Records for the task:

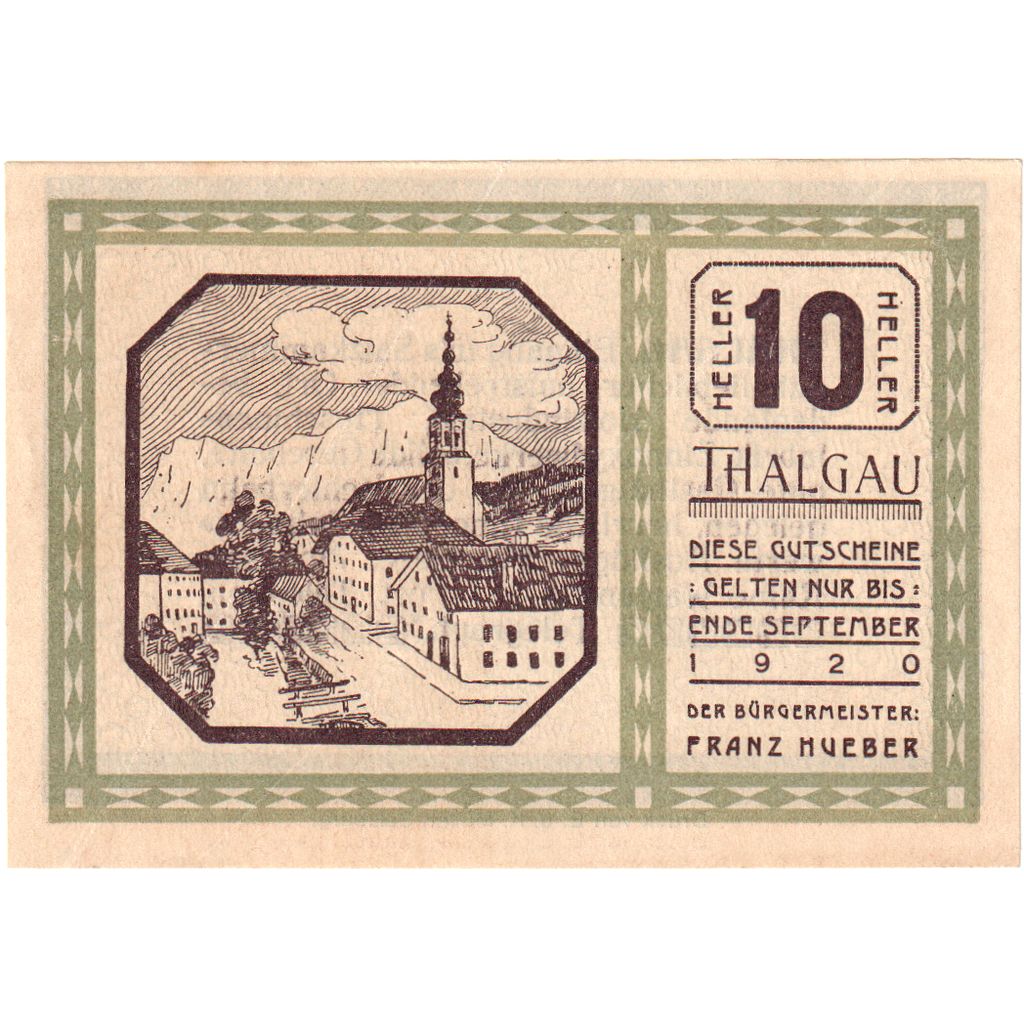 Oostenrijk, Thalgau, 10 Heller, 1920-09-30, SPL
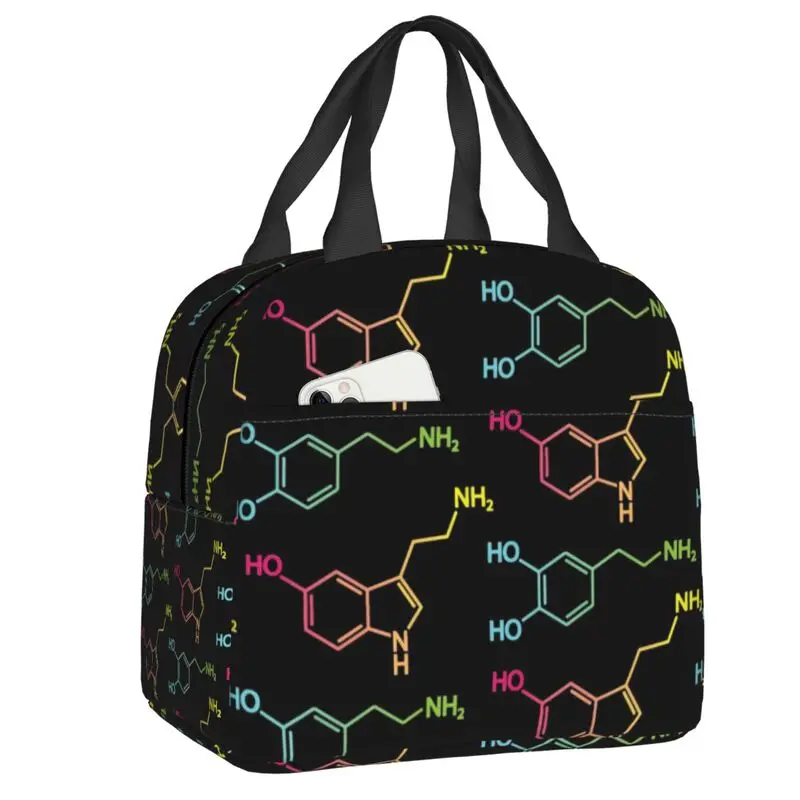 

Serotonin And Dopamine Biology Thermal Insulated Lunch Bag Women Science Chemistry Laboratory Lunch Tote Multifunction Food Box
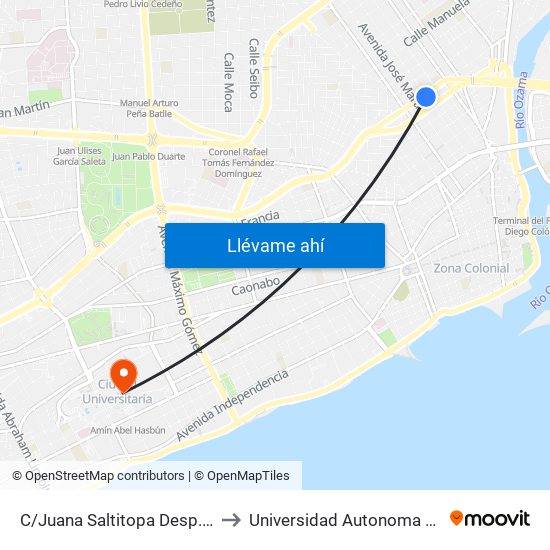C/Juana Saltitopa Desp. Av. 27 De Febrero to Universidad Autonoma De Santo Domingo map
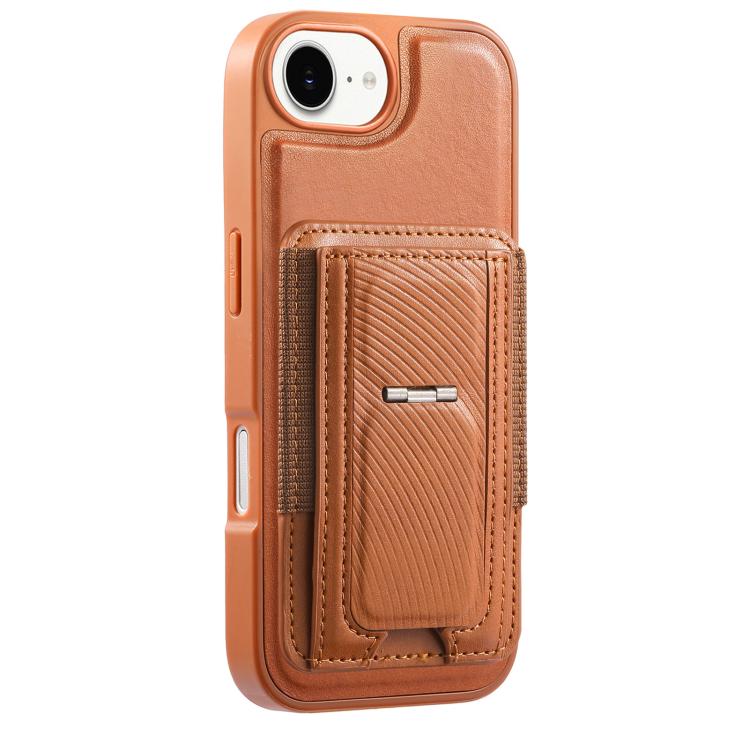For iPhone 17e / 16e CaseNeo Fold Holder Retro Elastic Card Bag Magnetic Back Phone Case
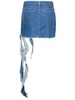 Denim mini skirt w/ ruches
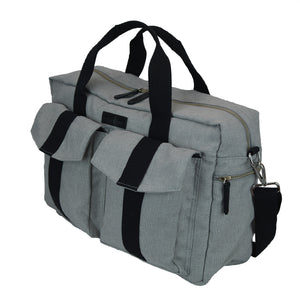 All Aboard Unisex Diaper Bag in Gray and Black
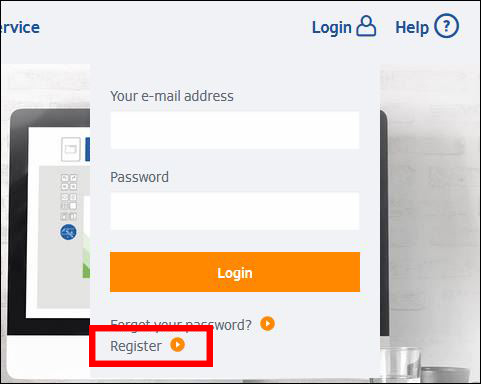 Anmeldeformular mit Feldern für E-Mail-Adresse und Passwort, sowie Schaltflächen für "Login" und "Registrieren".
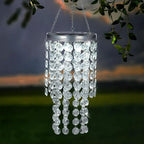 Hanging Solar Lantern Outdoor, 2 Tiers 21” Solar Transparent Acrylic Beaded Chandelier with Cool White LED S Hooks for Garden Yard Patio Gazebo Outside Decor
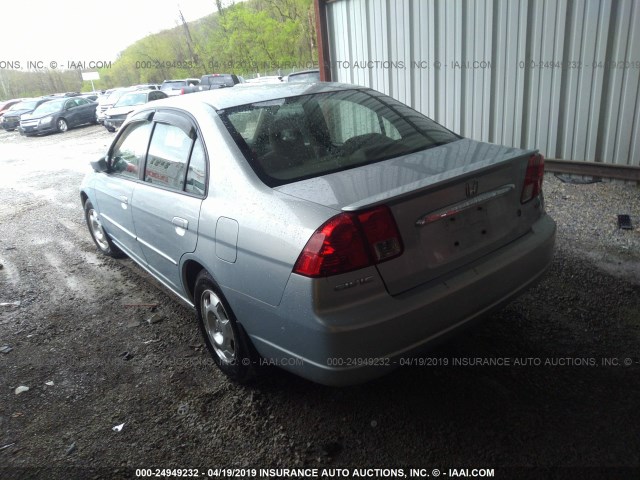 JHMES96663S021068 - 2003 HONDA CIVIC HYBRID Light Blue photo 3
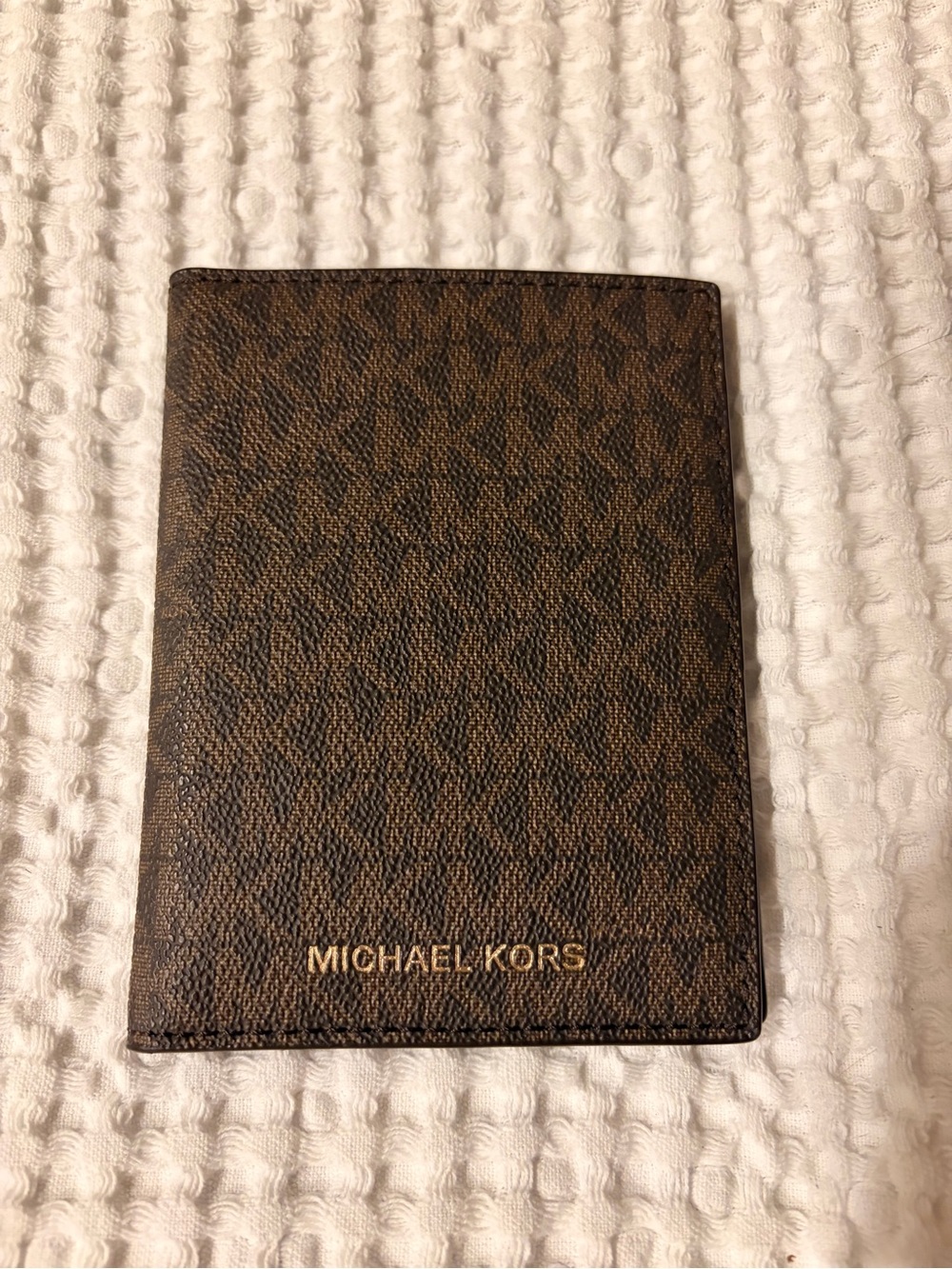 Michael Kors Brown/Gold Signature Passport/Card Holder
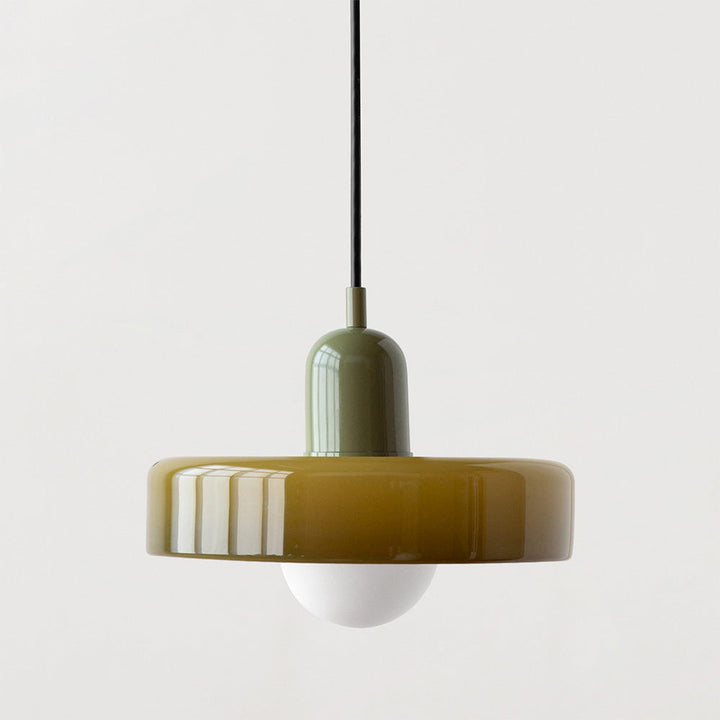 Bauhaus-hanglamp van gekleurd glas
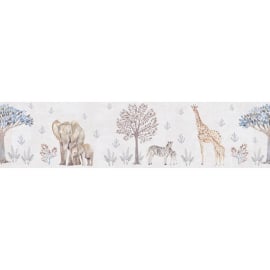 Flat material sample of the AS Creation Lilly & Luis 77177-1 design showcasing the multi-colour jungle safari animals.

Work task:
From the line that holds "Michael Kors Brown/Gold" down to the last line of the material above, every line is to be copied exactly, both ends included; pictures are to be omitted.

Solution to this exercise:
 Michael Kors Brown/Gold Signature Passport/Card Holder
 Bauhaus-hanglamp van gekleurd glas
 Flat material sample of the AS Creation Lilly & Luis 77177-1 design showcasing the multi-colour jungle safari animals.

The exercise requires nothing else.